Na compra de um veículo usado, a procedência e a inspeção técnica – preferencialmente feita por um mecânico de confiança – são fundamentais. Mas um tema é recorrente nesse cenário: a compra do chamado “carro de praia”, que “convive” no litoral e está sujeito aos malefícios da maresia.

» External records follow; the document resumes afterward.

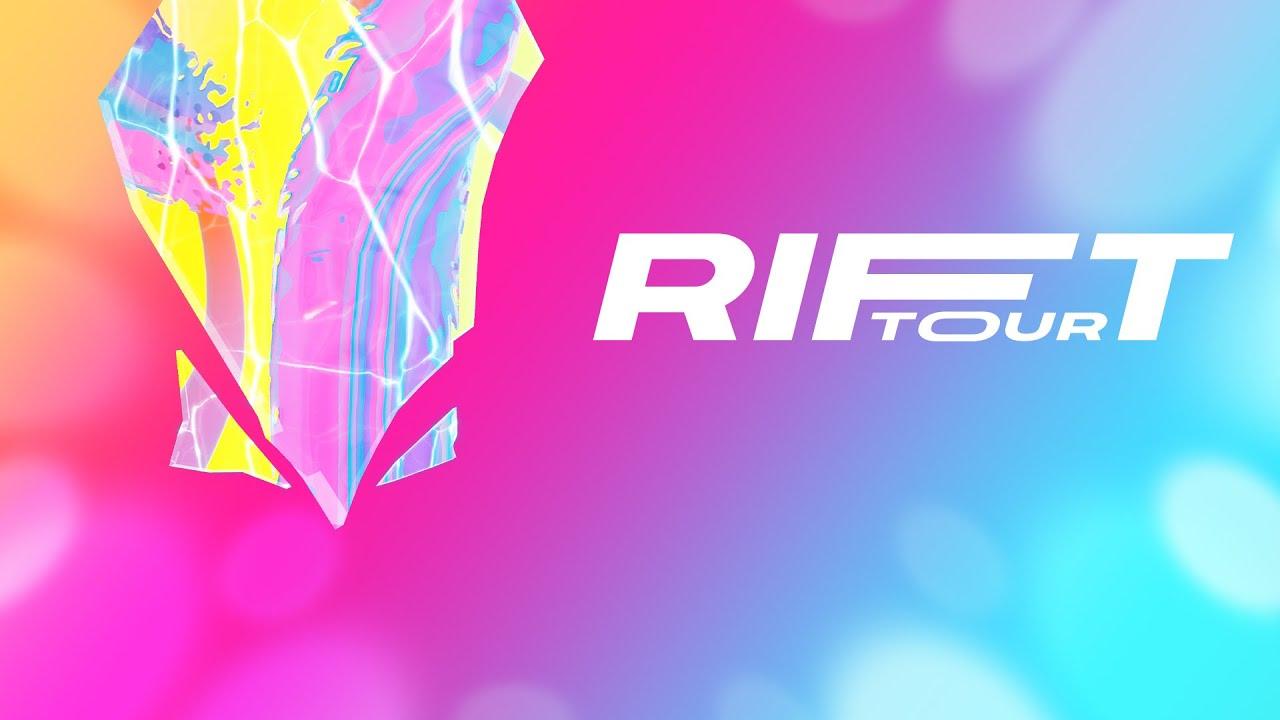 Rift Tour featuring Ariana Grande (Full Event Video) thumbnail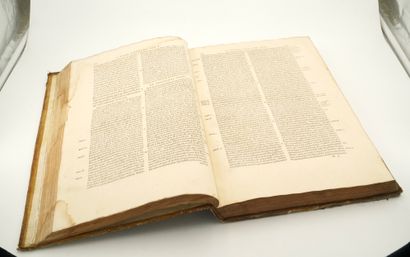 [AMBROISE de MILAN (saint)]

Diui Ambrosii...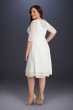 Pretty In Lace Plus Size Wedding Dress 19180902
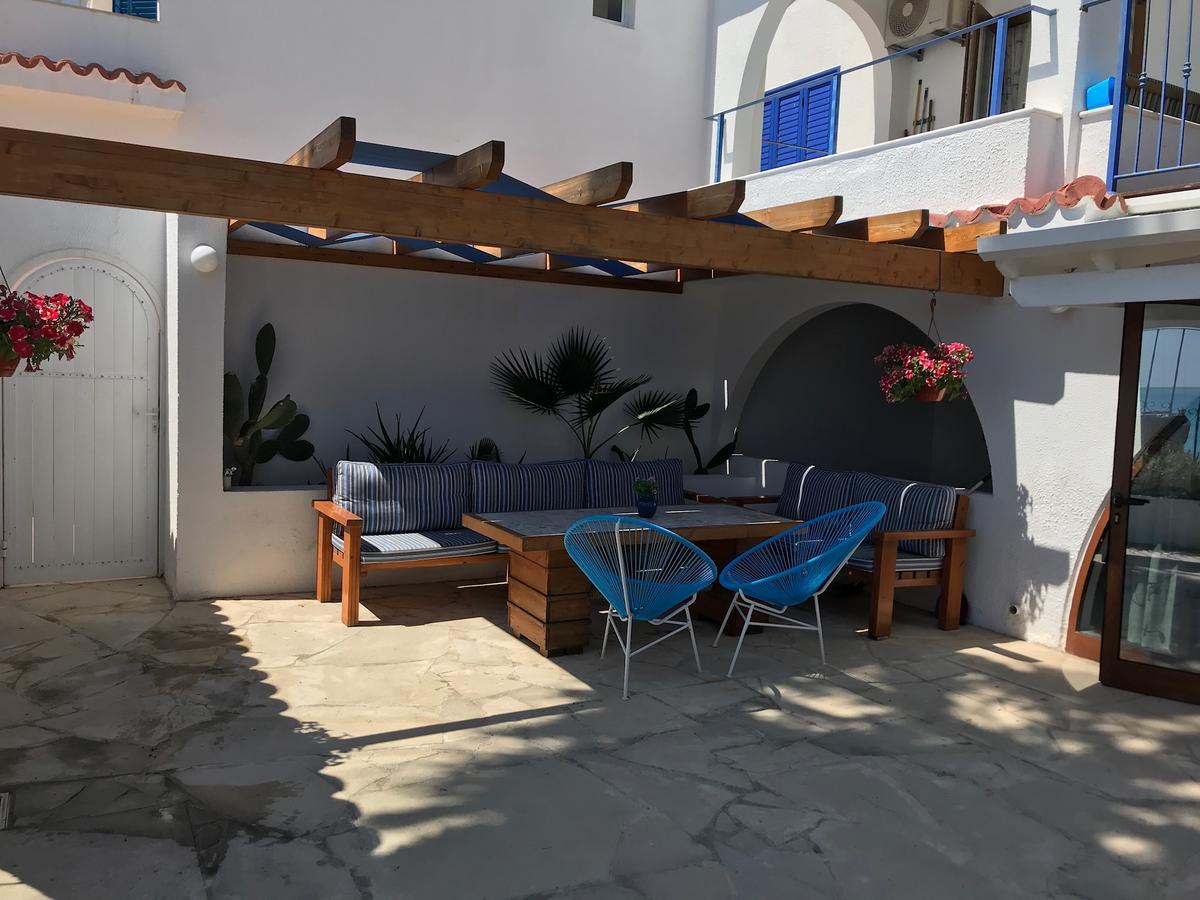 Pissouri Beach Front Apartments Luaran gambar
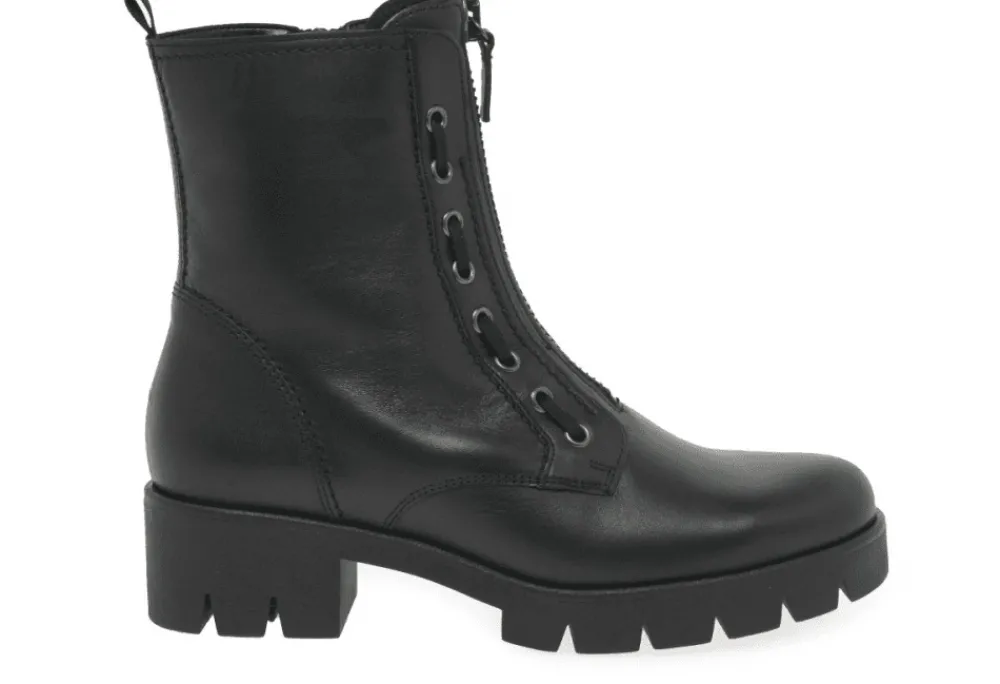 Gabor Banter Ankle Boot<Women Boots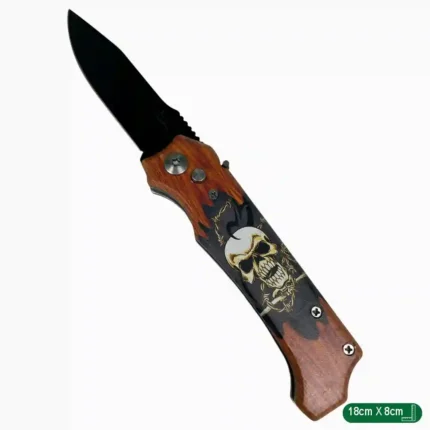 NAVAJA AUTOMÁTICA AK7082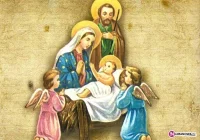 Przyjąć Bożą Dziecinę - zdjęcie główne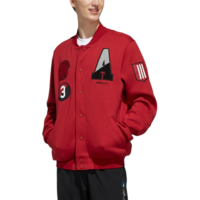 adidas NEO M CS SV JKT 男士运动夹克 EI4742 栗红/栗红 XXL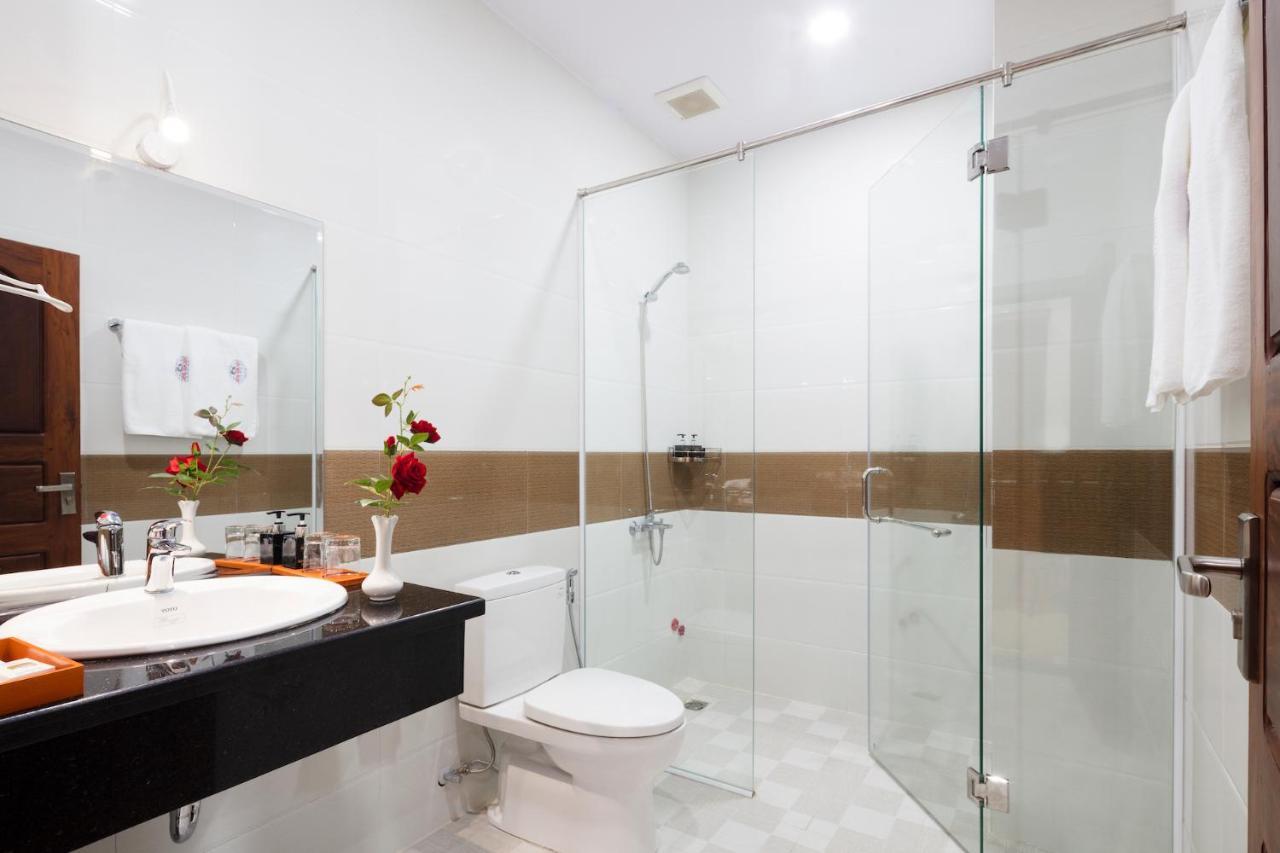 Phuc Ngoc Hotel Rạch Giá Luaran gambar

Para ajudar o consumidor, Alan Ladeia, CEO da Carflix e especialista no setor automotivo, aponta os mitos sobre os “carros de praia”:
Mito 1 – Todo carro do litoral é ruim – É um dos mitos mais difundidos. Porém, depende muito do nível de exposição à maresia, da frequência de uso, do local onde o veículo é guardado e dos cuidados do proprietário.
Mito 2 – A maresia destrói o carro em poucos meses – A maresia pode acelerar a oxidação de partes metálicas, mas esse é um processo lento e cumulativo, influenciado por fatores como proximidade do mar, umidade constante e ausência de manutenção.
Mito 3 – Carros de cidades litorâneas valem menos – O valor de um veículo usado depende muito mais do estado geral do carro, da manutenção, da quilometragem e do histórico de acidentes.
“A simples origem litorânea não deve ser critério isolado de desvalorização. Um carro do litoral com revisão em dia e guardado em garagem coberta pode ter valor igual ou até superior a outro da cidade”, afirma Ladeia.
A maresia realmente afeta o carro?
A maresia contém microcristais de sal suspensos no ar, que se depositam sobre superfícies metálicas e favorecem a oxidação.
Os pontos mais afetados são: parafusos e dobradiças (capô, porta-malas, torres do amortecedor), terminais de bateria e conectores elétricos, pintura, especialmente no teto e no capô, e escapamento. “As partes internas, o motor e o câmbio não são diretamente comprometidos pela maresia”, lembra Ladeia.
Revisão é tudo
Sete cuidados com carro antes de pegar estrada fazem toda a diferença para uma viagem tranquila. De acordo com matéria publicada no portal Terra, muitos problemas enfrentados nas rodovias estão relacionados à falta de manutenção preventiva adequada.
Ao revisar o veículo antes de viajar, o motorista reduz riscos, evita atrasos inesperados e garante mais segurança para todos os ocupantes. Esse cuidado é ainda mais importante em períodos de maior movimento nas estradas, quando qualquer falha pode gerar transtornos maiores.